(MATERIAL TO PROCESS)

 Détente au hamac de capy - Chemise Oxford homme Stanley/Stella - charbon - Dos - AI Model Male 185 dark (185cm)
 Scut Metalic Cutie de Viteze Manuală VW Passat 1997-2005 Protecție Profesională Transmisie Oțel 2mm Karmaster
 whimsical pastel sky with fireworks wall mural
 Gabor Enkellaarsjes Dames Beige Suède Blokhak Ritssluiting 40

(End MATERIAL TO PROCESS)
(MATERIAL TO PROCESS)

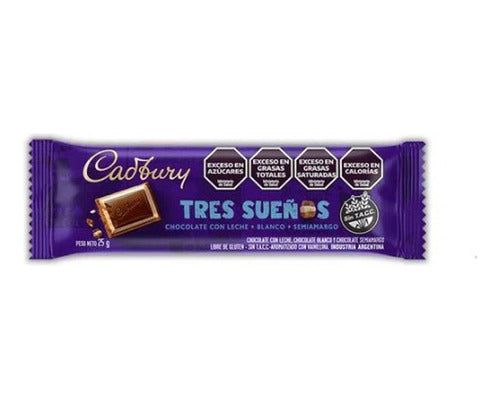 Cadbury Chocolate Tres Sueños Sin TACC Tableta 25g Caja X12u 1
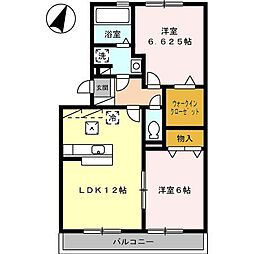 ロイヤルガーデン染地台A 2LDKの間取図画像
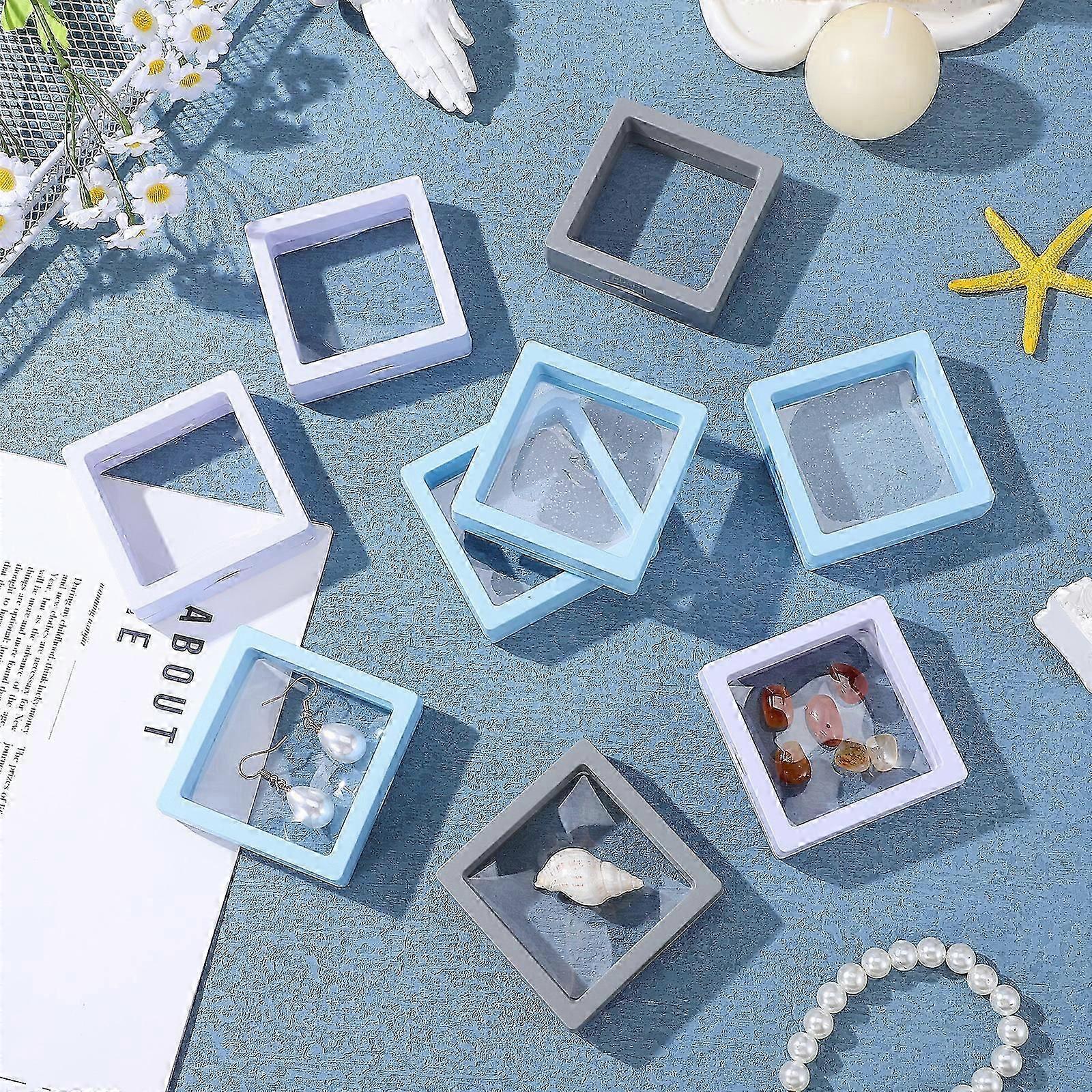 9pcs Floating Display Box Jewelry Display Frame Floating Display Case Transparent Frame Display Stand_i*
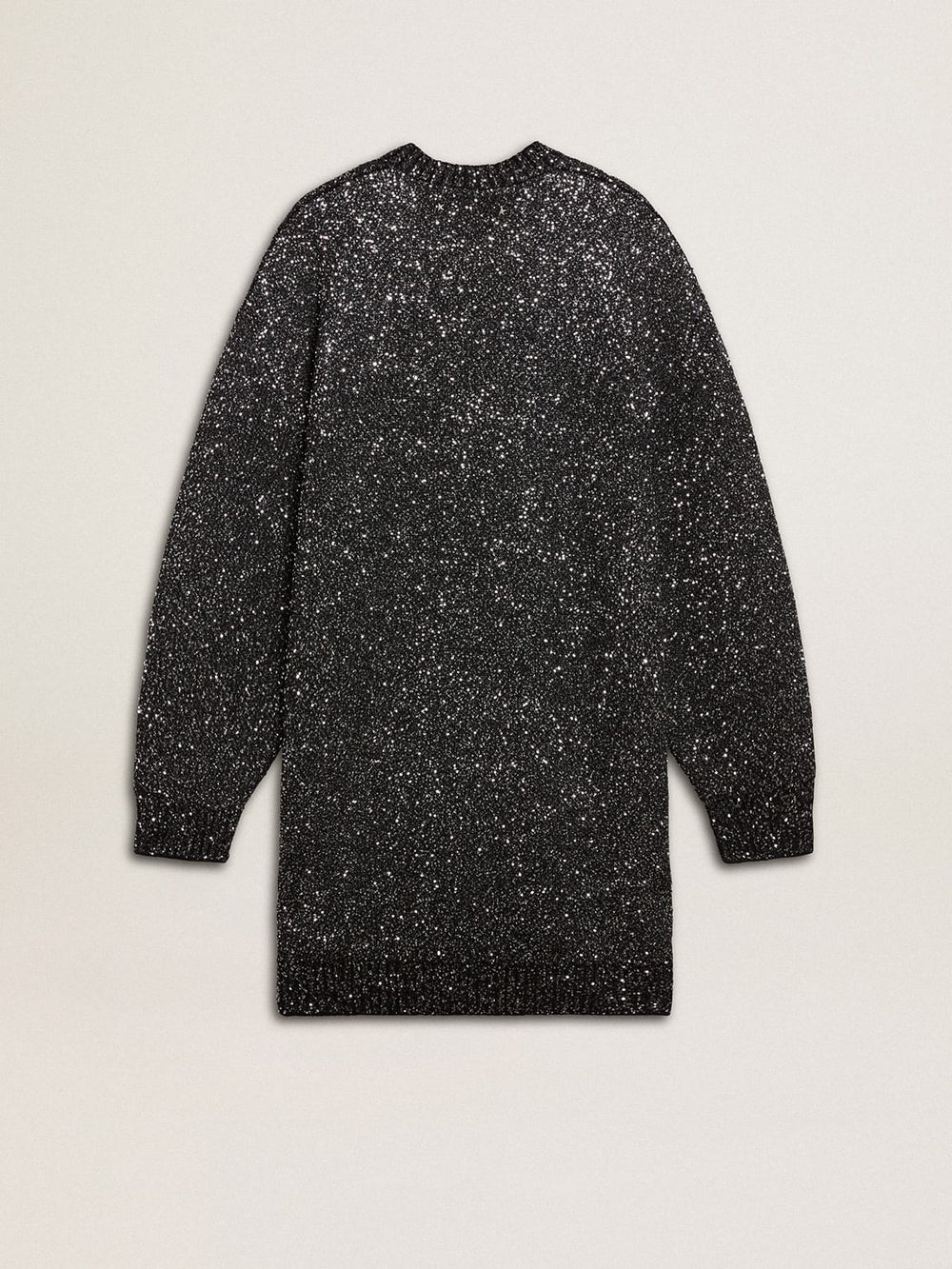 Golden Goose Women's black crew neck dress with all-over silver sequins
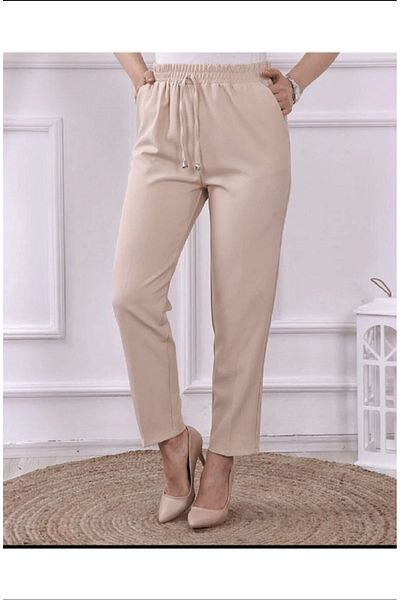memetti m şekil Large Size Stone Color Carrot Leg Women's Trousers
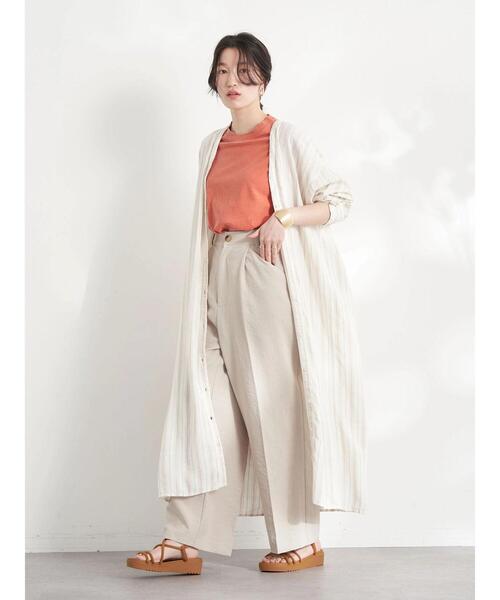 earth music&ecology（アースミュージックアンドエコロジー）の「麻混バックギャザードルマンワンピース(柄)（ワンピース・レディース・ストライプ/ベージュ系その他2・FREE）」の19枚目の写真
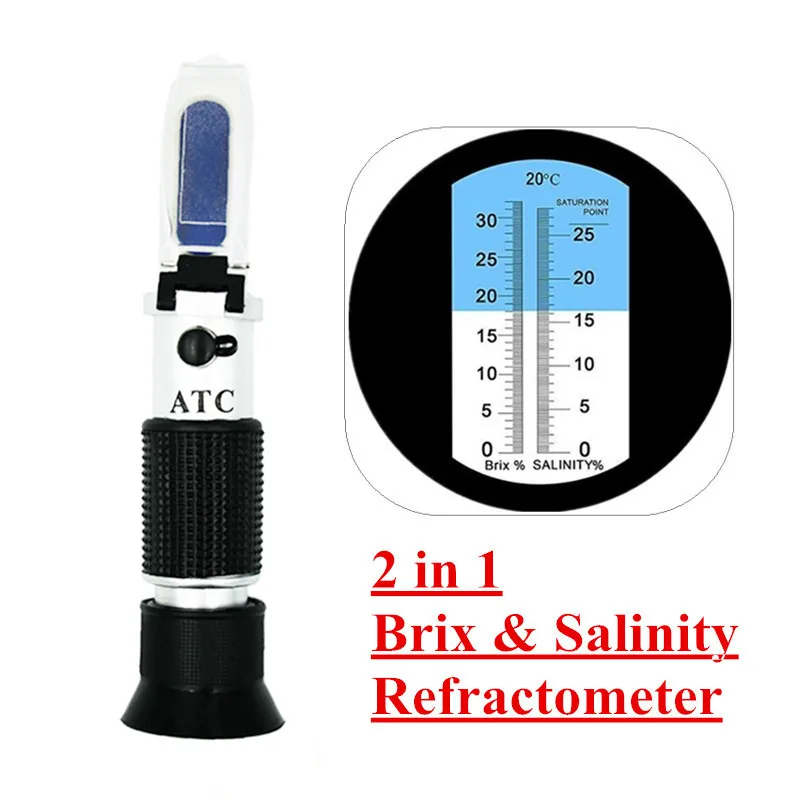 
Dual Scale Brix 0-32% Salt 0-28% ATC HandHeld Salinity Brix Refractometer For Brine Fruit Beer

(End MATERIAL TO PROCESS)
(MATERIAL TO PROCESS)

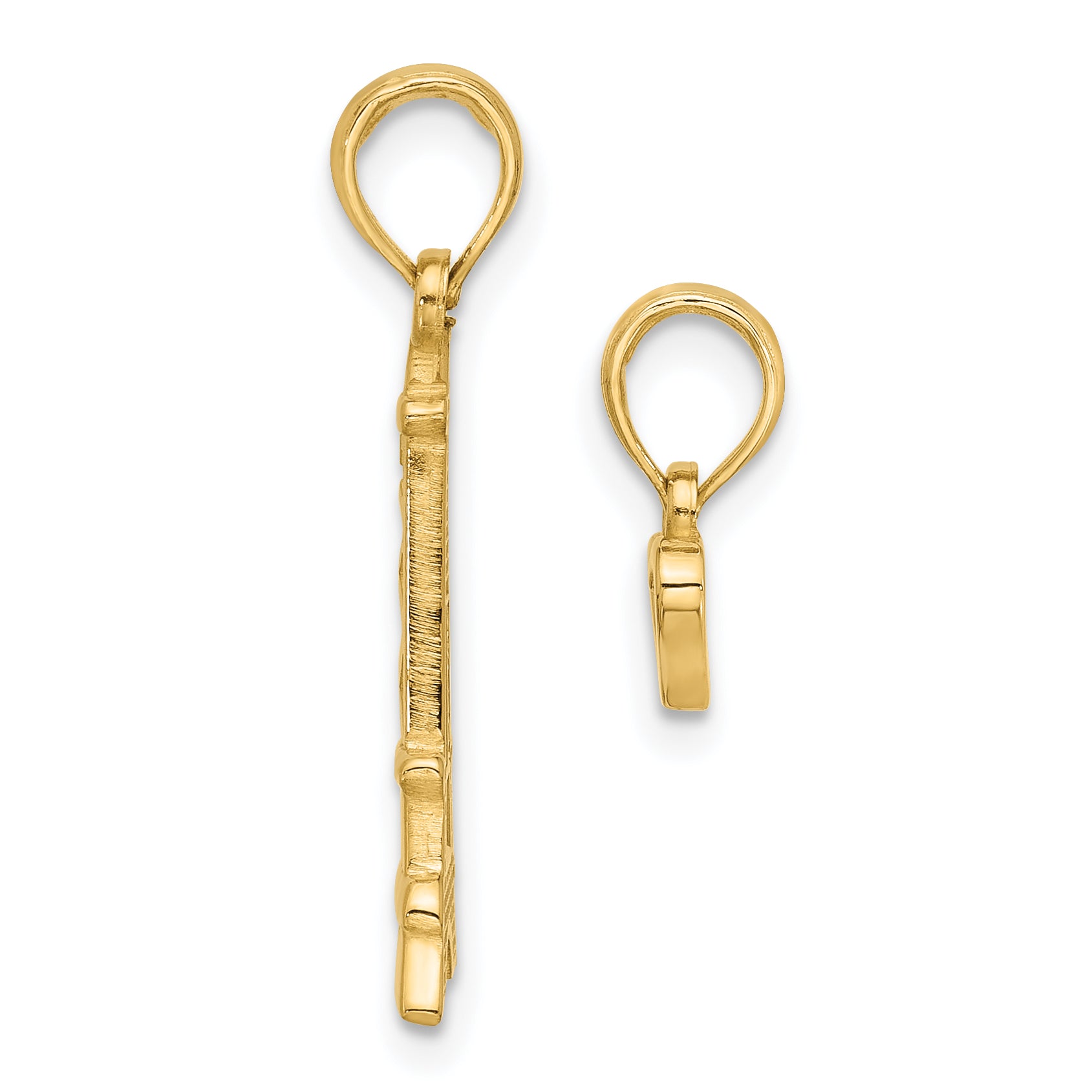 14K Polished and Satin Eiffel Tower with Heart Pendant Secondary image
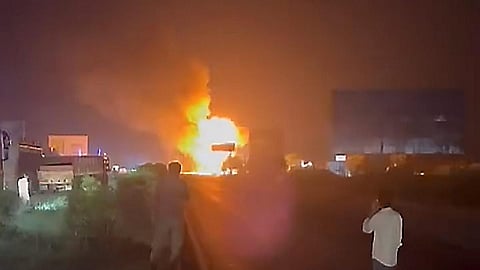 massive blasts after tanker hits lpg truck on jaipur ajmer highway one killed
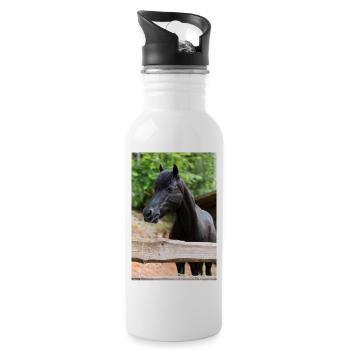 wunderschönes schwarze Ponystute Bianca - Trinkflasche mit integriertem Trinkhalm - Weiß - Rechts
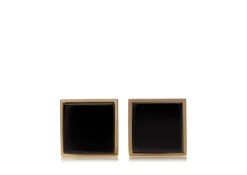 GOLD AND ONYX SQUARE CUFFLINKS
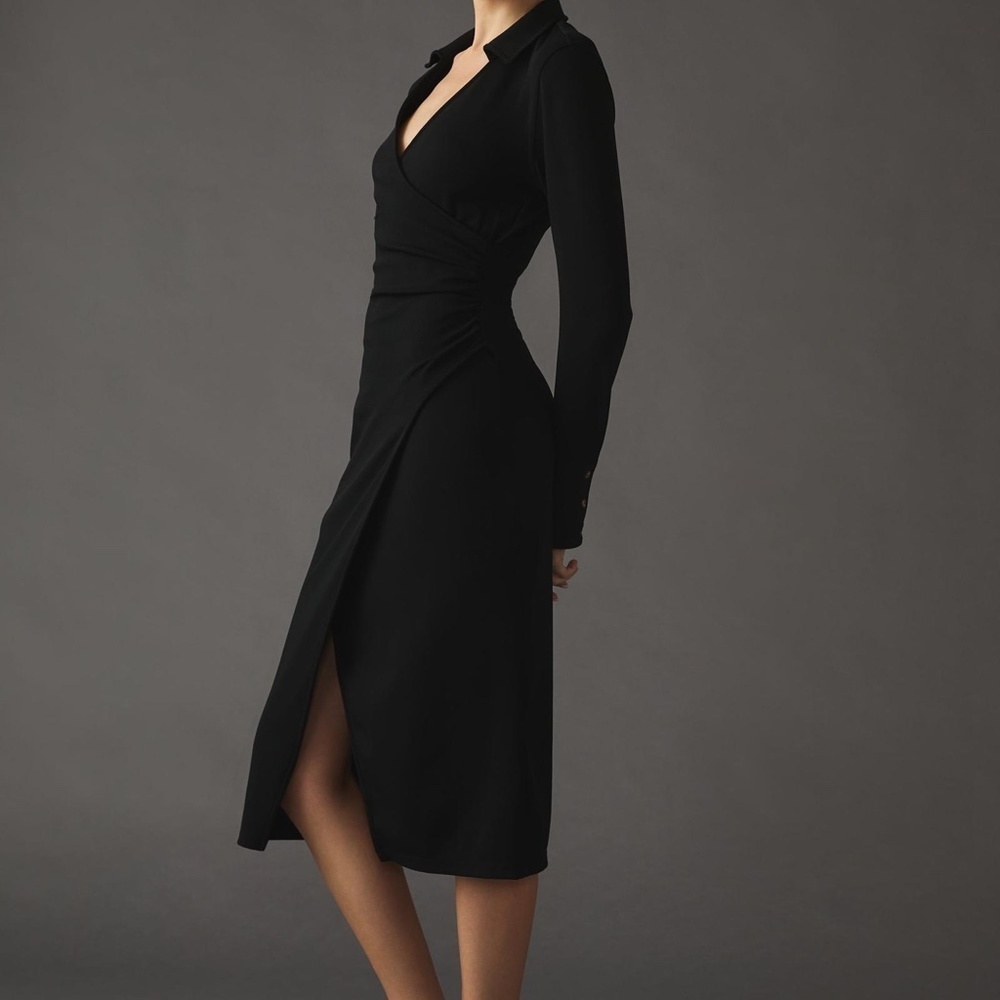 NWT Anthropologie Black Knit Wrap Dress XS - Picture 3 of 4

(End MATERIAL TO PROCESS)

Return, word for word, the lines of the data above from the line with "Détente au hamac" through the line with "Gabor Enkellaarsjes Dames", inclusive.

 Détente au hamac de capy - Chemise Oxford homme Stanley/Stella - charbon - Dos - AI Model Male 185 dark (185cm)
 Scut Metalic Cutie de Viteze Manuală VW Passat 1997-2005 Protecție Profesională Transmisie Oțel 2mm Karmaster
 whimsical pastel sky with fireworks wall mural
 Gabor Enkellaarsjes Dames Beige Suède Blokhak Ritssluiting 40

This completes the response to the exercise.